Bibby Anna C, Maskell Nick A
Academic Respiratory Unit, Southmead Hospital, Westbury-on-Trym, Bristol, UK.
Curr Opin Pulm Med. 2016 Jul;22(4):392-8. doi: 10.1097/MCP.0000000000000258.
Pleural biopsies are often necessary if a pleural effusion remains undiagnosed after radiological imaging and pleural fluid analysis. There are many methods of obtaining pleural biopsies, including blind or image-guided procedures, closed-bevel or cutting-edge needles, and percutaneous or thoracoscopic approaches. This article will review recent research relating to these methods, aiming to provide an overview of the strengths and limitations of each technique.
Historically pleural biopsies were undertaken using a blind closed 'Abrams' needle method. However, low diagnostic yields and high complication rates are seen with this technique compared with newer methods. Recent research compares image-guided, cutting-needle approaches to traditional Abrams biopsies, and evaluates the role of medical thoracoscopy in comparison to other techniques.
Thoracoscopic biopsies are the gold standard for investigating pleural disease. However, this service is not universally available and may be unsuitable for some patients. Image-guided cutting-needle biopsies under computed tomography or ultrasound guidance have high diagnostic rates and are useful in a wide patient population. The main role of Abrams biopsies is in the diagnosis of tuberculous pleuritis in resource-poor settings.

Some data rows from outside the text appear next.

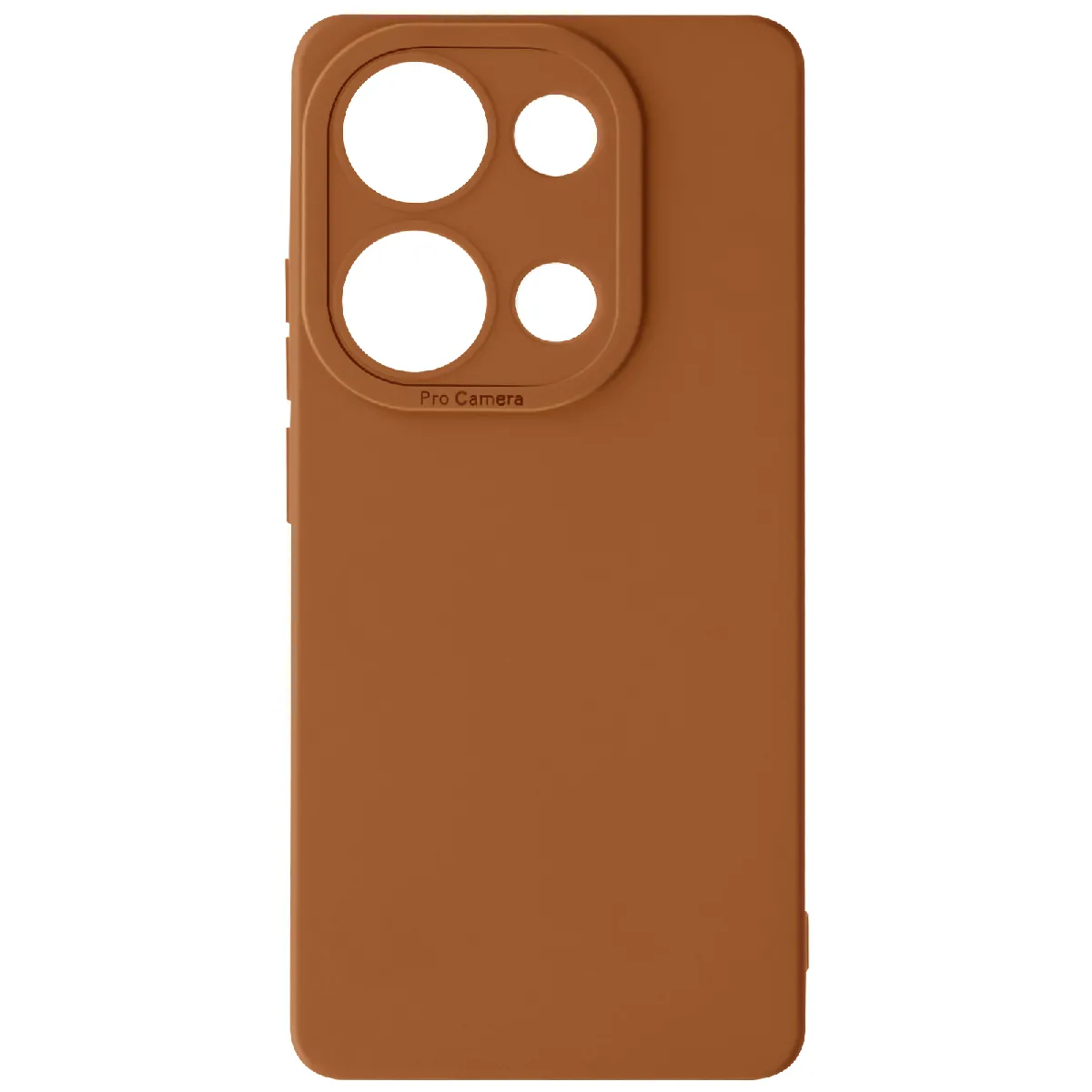 Coque Pour Xiaomi Redmi Note 13 Pro 4g Silicone Mat Protection Caméra Marron Clair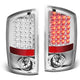 D-Motoring - Tail lights - LED - Chrome Housing - Clear lens - Plug-n-Play - Pair - Dodge Ram 1500 / 2500 / 3500 - 1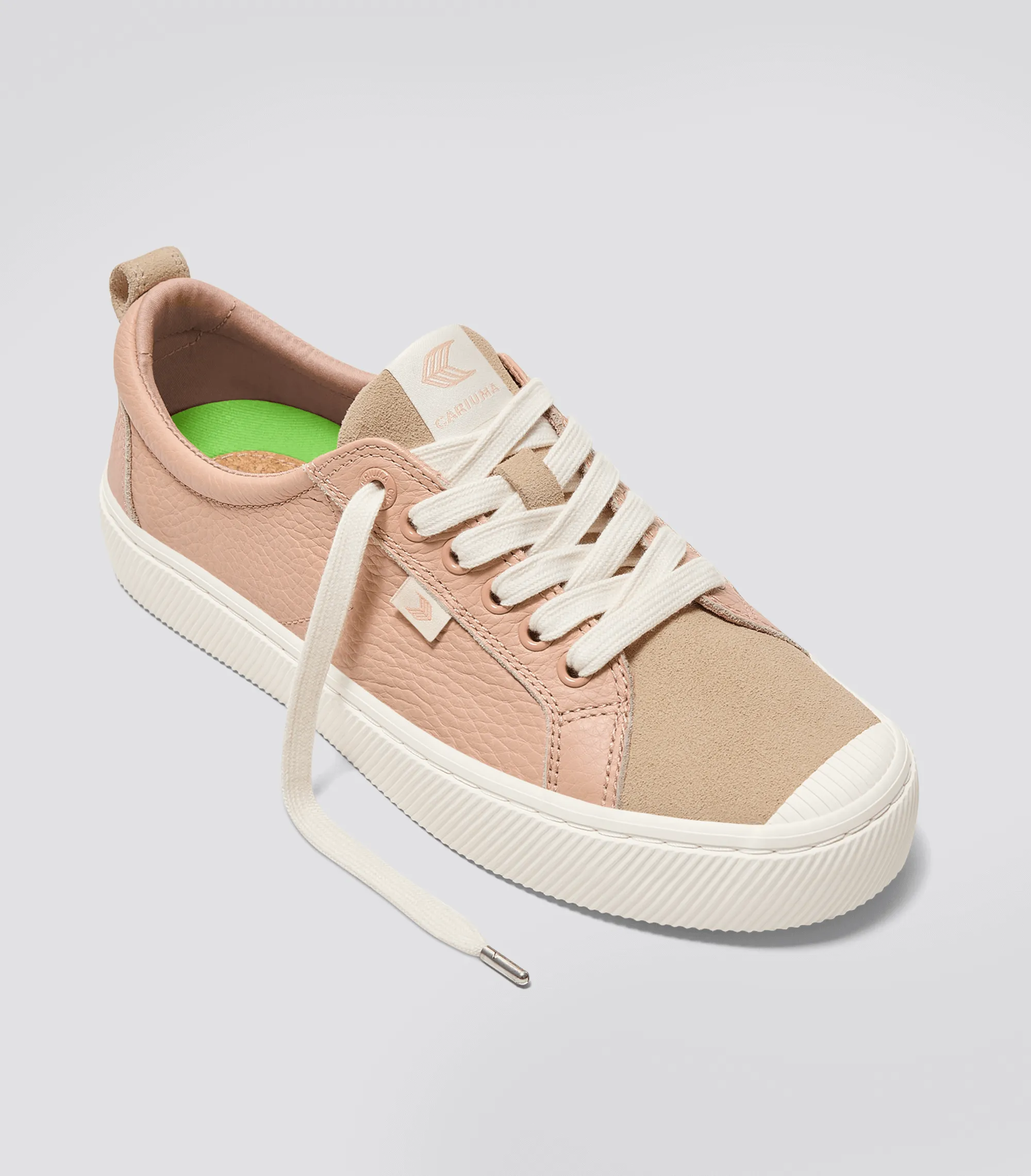 OCA Low Beige Premium Leather Nude Suede Sneaker Women sold by Cariuma product image thumbnail 2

如果胸腔积液在影像学检查和胸腔积液分析后仍未确诊,通常需要进行胸膜活检。获取胸膜活检的方法有很多种,包括盲法或影像引导操作、闭式斜面针或切割针以及经皮或胸腔镜途径。本文将综述与这些方法相关的最新研究,旨在概述每种技术的优缺点。
过去,胸膜活检采用盲法闭式“Abrams”针技术。然而,与新方法相比,该技术的诊断率较低且并发症发生率较高。近期研究将影像引导的切割针方法与传统的Abrams活检进行了比较,并评估了内科胸腔镜与其他技术相比的作用。
胸腔镜活检是诊断胸膜疾病的金标准。然而,这项服务并非普遍可用,可能不适用于某些患者。在计算机断层扫描或超声引导下进行的影像引导切割针活检诊断率高,适用于广泛的患者群体。Abrams活检的主要作用是在资源匮乏地区诊断结核性胸膜炎。